We identified 2.4 million LE inpatient PAD-related hospitalizations from 1998 through 2007 in Florida, New Jersey, and New York; in 0.5 million of those hospitalizations, PAD was the primary diagnosis. The ratio of women to men was 46% vs 54% (P < .0001) in the overall group and in the subgroup. In the overall group, 16% of hospitalizations and 55% in the subgroup were associated with procedures. The rate of intervention was 56% for men vs 44% for women based on all PAD-related inpatient hospitalizations (P < .0001) and 56% for men vs 53% for women based on hospitalizations with PAD as the primary diagnosis (P < .0001). On average, women were older: mean age for all PAD-related hospitalizations was 73 years for women and 70 years for men (P < .0001); and 72 vs 70 years, respectively, for hospitalizations associated with procedures (P < .0001).
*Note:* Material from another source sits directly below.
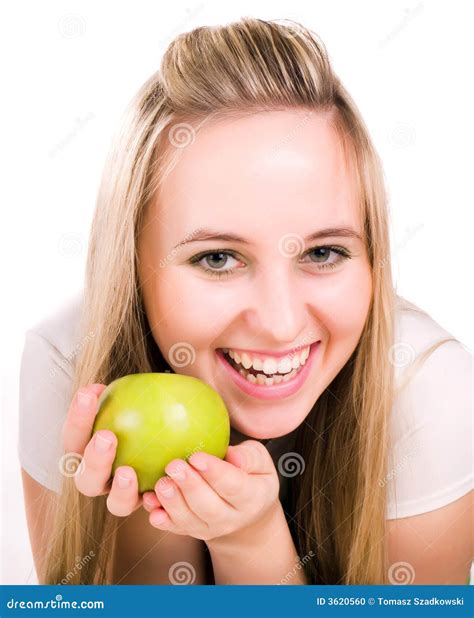 Red Juicy Apple On A Light Background Royalty-Free Stock Photography ...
Trend analysis of hospitalizations 

There was an increase in per capita hospitalizations for PAD (primary and secondary diagnoses) from 1998 through 2005. Admissions plateaued for the years 2006 through 2007. This trend was noted in both genders (Fig 1, A). A slight decrease occurred in per capita vascular inpatient procedures during this period (Fig 1, B).

  • View full-size image.
  • Fig 1. 

    A, Trends in peripheral arterial disease (PAD) hospitalizations and (B) PAD hospitalizations associated with a vascular procedure. The solid lines show trends in hospitalizations based on primary and secondary diagnoses, and the dashed lines show trends in hospitalizations based on primary diagnoses only. C, The proportion of PAD hospitalizations with procedure for women (red) and men (blue) are shown from 1998 to 2007.

When trends were compared by gender, women had 18% to 27% fewer PAD hospitalizations per capita (P < .0001; Fig 1, A) and 33% to 49% fewer reported vascular procedures per capita than men (Fig 1, B) throughout the study period. Furthermore, women hospitalized for PAD were less likely than men to undergo a procedure (Fig 1, C). This gender-related difference in per capita hospitalizations and vascular procedures was also observed in each age group: 40 to 59, 60 to 69 and ≥80 (P < .0001 for each).

As age progressed, the gender difference diminished. Women aged 40 to 59 years had 42% fewer PAD-related hospitalizations than men, whereas women aged 60 to 69 and octogenarians had 38% and 29% fewer hospitalizations, respectively. The same trend was observed in procedural hospitalizations: the per capita difference between genders decreased from 46% to 42% and to 30% as ages progressed from 40 to 59, to 60 to 69, and to ≥80 years.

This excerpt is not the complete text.